Scraped caption text data ▸
--- START ---

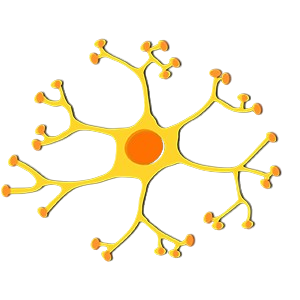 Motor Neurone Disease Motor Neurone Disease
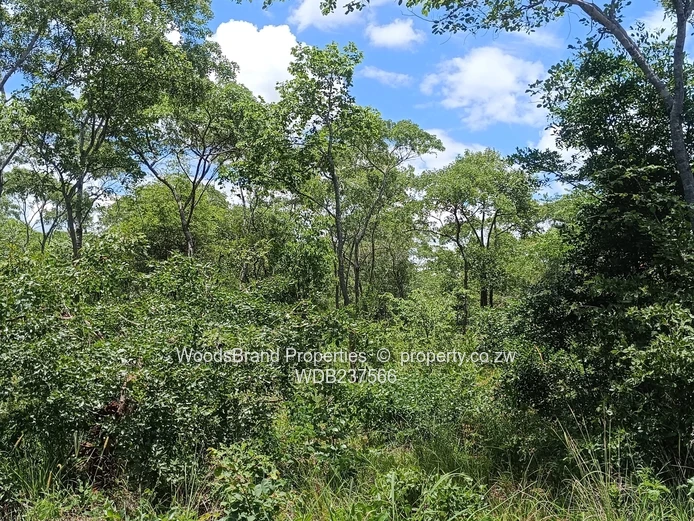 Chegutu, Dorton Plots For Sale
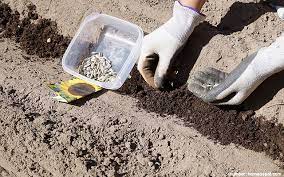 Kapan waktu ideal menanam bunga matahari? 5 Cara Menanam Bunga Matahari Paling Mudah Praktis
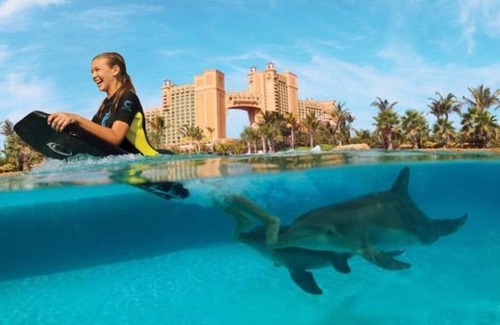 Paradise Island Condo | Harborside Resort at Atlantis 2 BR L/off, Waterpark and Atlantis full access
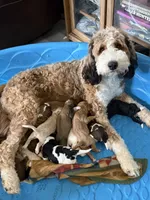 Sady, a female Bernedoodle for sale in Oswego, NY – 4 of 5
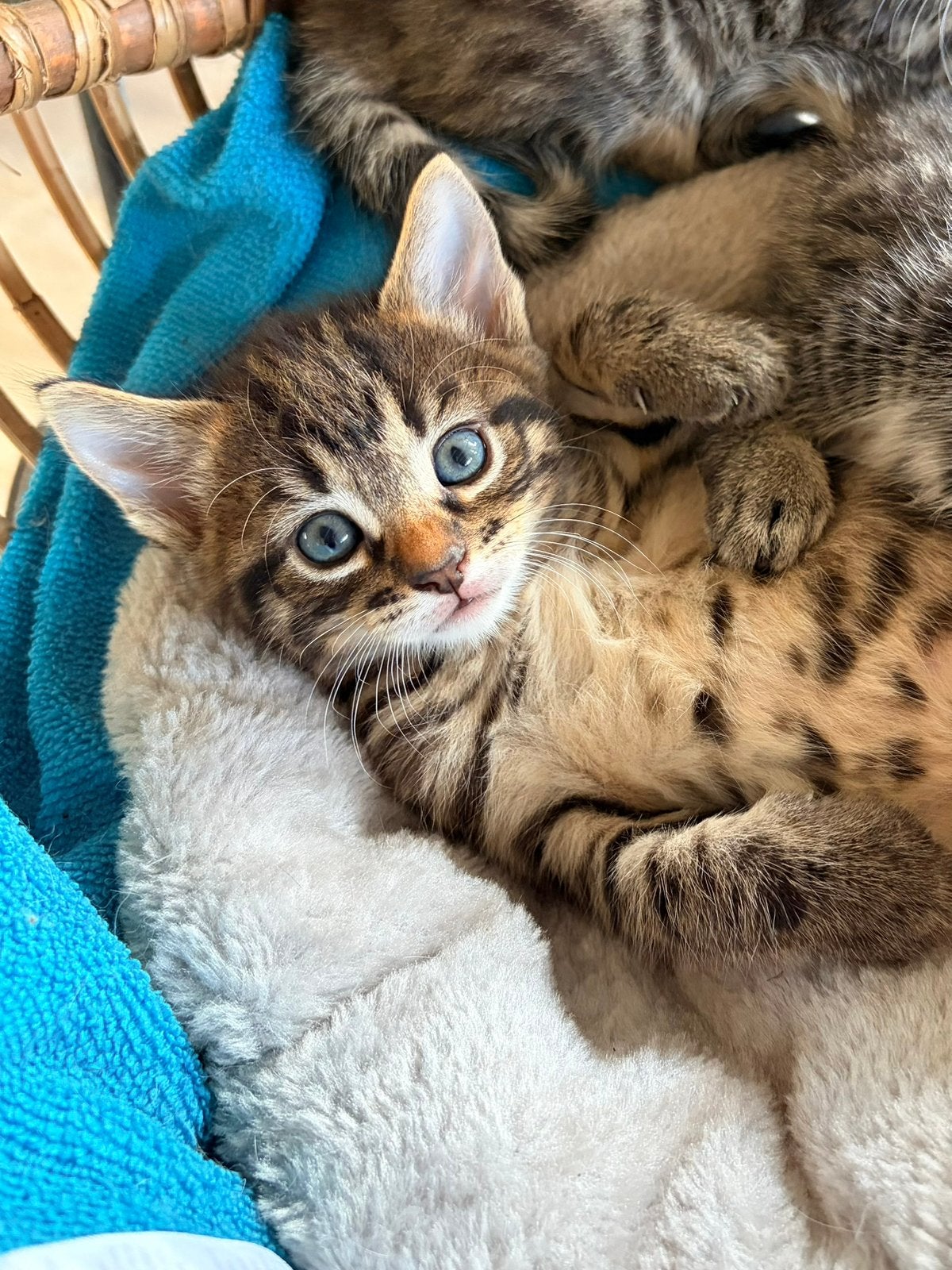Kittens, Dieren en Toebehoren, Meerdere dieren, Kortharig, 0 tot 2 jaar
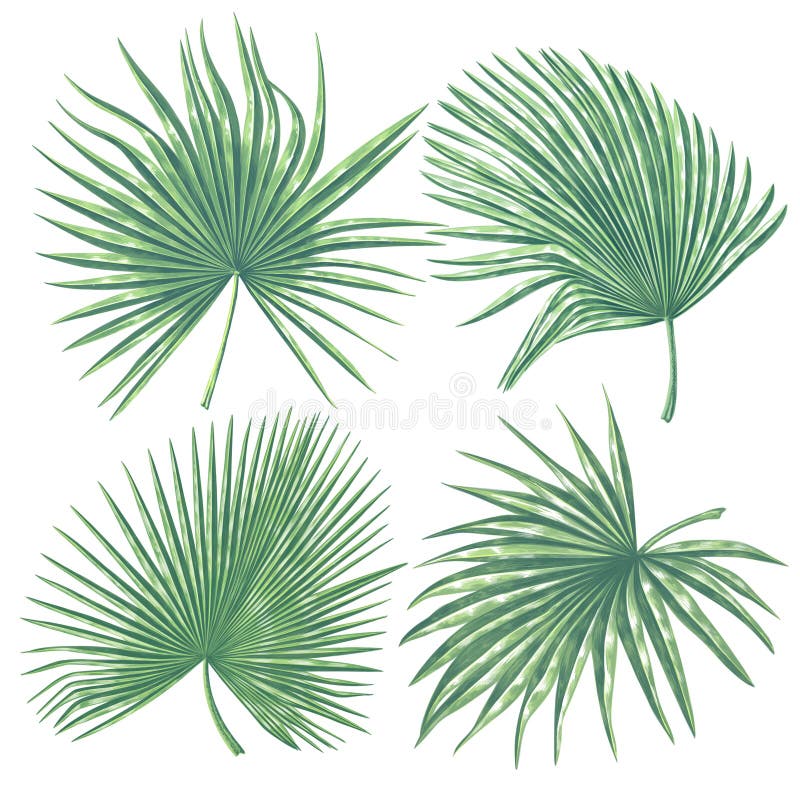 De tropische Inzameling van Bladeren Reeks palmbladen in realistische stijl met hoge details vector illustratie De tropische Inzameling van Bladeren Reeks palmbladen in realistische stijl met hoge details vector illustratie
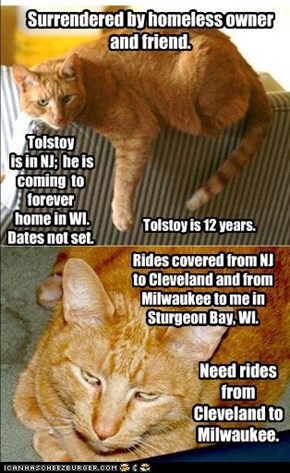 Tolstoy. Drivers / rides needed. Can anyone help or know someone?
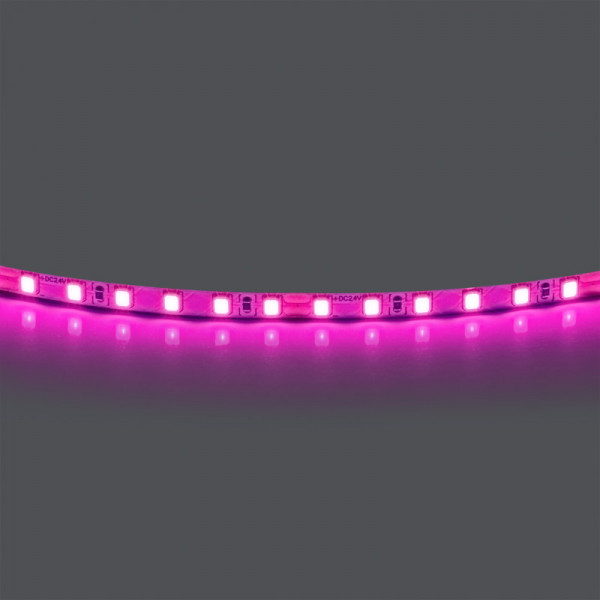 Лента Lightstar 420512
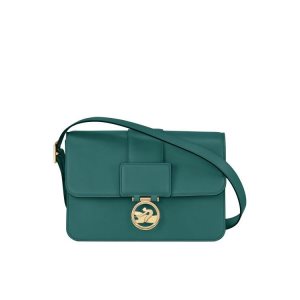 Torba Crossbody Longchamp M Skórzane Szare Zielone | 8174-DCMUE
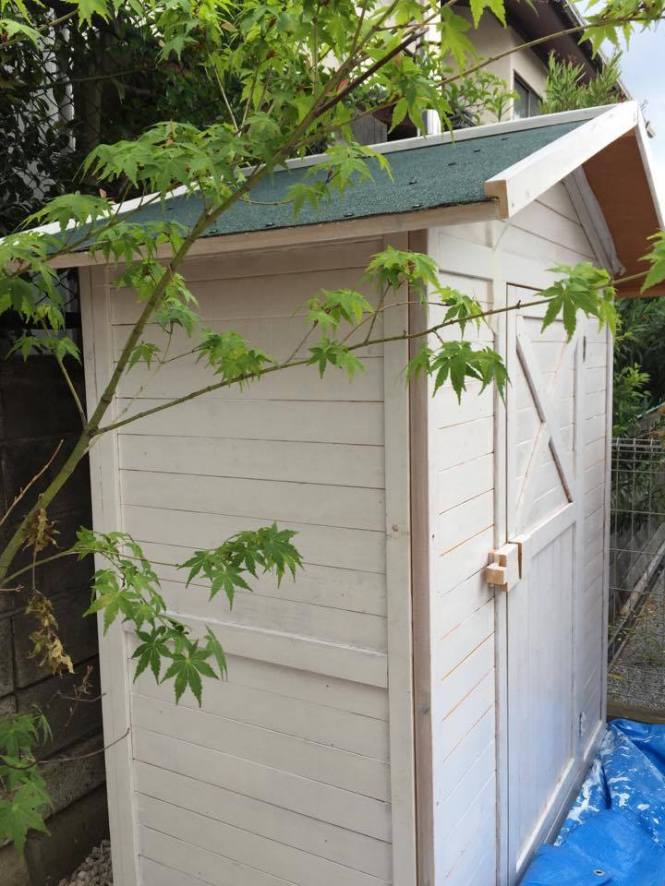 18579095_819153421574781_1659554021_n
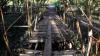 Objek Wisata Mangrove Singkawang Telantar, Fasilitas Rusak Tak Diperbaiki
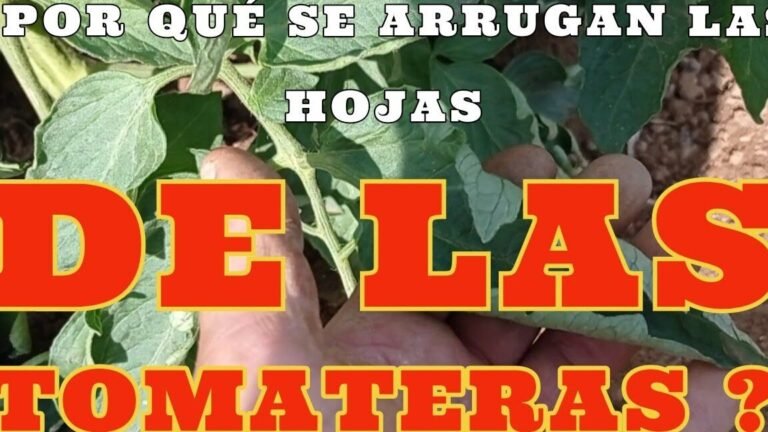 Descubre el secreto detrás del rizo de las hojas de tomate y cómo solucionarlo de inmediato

--- END ---

WHAT YOU HAVE TO DO ▸ The lines to reproduce run from the one above containing "Paradise Island Condo" through the one containing "Kittens, Dieren en". Copy them exactly and leave out all pictures.

EXERCISE ANSWER ▸
 Paradise Island Condo | Harborside Resort at Atlantis 2 BR L/off, Waterpark and Atlantis full access
 Sady, a female Bernedoodle for sale in Oswego, NY – 4 of 5
Kittens, Dieren en Toebehoren, Meerdere dieren, Kortharig, 0 tot 2 jaar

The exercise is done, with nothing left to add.